After four years on the Typepad site, eight years total blogging, Newshoggers is closing it's doors today. We've been coasting the last year or so, with many of us moving on to bigger projects (Hey, Eric!) or simply running out of blogging enthusiasm, and it's time to give the old flying pig a rest.

We've done okay over those eight years, although never being quite PC enough to gain wider acceptance from the partisan "party right or wrong" crowds. We like to think we moved political conversations a little, on the ever-present wish to rush to war with Iran, on the need for a real Left that isn't licking corporatist Dem boots every cycle, on America's foreign misadventures in Afghanistan and Iraq. We like to think we made a small difference while writing under that flying pig banner. We did pretty good for a bunch with no ties to big-party apparatuses or think tanks.

Those eight years of blogging will still exist. Because we're ending this typepad account, we've been archiving the typepad blog here. And the original blogger archive is still here. There will still be new content from the old 'hoggers crew too. Ron writes for The Moderate Voice, I post at The Agonist and Eric Martin's lucid foreign policy thoughts can be read at Democracy Arsenal.

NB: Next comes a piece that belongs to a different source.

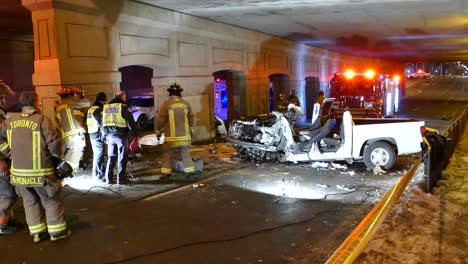 A-group-of-firemen-and-police-at-the-site-of-horrendous-crash-of-a-white-pickup-truck,-Mississauga,-Canada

I'd like to thank all our regular commenters, readers and the other bloggers who regularly linked to our posts over the years to agree or disagree. You all made writing for 'hoggers an amazingly fun and stimulating experience.

Thank you very much.

Note: This is an archive copy of Newshoggers. Most of the pictures are gone but the words are all here. There may be some occasional new content, John may do some posts and Ron will cross post some of his contributions to The Moderate Voice so check back.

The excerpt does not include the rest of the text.